**Records excerpted from a collection:**
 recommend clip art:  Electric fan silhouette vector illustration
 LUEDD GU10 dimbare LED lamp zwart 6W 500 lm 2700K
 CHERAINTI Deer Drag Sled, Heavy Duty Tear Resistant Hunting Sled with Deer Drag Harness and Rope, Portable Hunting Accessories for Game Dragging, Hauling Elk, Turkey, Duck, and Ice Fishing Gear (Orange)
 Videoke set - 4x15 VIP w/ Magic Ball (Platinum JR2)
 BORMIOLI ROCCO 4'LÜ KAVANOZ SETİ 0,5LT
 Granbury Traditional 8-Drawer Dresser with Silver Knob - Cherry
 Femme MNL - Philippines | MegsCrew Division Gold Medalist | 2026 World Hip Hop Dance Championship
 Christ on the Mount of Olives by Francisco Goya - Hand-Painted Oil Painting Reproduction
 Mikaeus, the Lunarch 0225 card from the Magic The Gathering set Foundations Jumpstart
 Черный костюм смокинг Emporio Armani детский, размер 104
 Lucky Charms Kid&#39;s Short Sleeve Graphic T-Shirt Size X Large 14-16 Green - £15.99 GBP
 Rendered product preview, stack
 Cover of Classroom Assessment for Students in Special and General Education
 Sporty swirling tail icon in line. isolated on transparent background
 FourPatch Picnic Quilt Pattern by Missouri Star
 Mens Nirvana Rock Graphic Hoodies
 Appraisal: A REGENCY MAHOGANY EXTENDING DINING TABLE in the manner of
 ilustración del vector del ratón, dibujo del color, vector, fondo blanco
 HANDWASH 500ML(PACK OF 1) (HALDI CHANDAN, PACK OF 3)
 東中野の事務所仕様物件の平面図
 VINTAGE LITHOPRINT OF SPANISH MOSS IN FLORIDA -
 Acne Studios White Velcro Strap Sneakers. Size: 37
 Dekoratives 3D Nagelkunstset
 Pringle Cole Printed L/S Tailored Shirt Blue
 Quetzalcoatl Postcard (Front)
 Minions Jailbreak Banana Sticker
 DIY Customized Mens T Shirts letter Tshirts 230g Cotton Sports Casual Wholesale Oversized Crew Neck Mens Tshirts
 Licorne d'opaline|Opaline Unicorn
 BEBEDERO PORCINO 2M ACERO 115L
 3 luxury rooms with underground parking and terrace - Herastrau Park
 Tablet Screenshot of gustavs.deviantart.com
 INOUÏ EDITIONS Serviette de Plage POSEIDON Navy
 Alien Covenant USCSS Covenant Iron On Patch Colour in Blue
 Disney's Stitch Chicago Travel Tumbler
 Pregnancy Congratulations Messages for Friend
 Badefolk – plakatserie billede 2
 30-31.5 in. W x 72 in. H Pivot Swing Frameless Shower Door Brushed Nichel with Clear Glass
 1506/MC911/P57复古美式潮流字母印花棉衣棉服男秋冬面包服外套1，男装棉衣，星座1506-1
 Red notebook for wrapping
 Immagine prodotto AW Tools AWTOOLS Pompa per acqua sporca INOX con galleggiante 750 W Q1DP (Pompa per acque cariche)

**TASK BRIEF:** Please transcribe the data exactly from its first line. End with the line that contains "CHERAINTI Deer Drag".

**RESPONSE AREA:**
 recommend clip art:  Electric fan silhouette vector illustration
 LUEDD GU10 dimbare LED lamp zwart 6W 500 lm 2700K
 CHERAINTI Deer Drag Sled, Heavy Duty Tear Resistant Hunting Sled with Deer Drag Harness and Rope, Portable Hunting Accessories for Game Dragging, Hauling Elk, Turkey, Duck, and Ice Fishing Gear (Orange)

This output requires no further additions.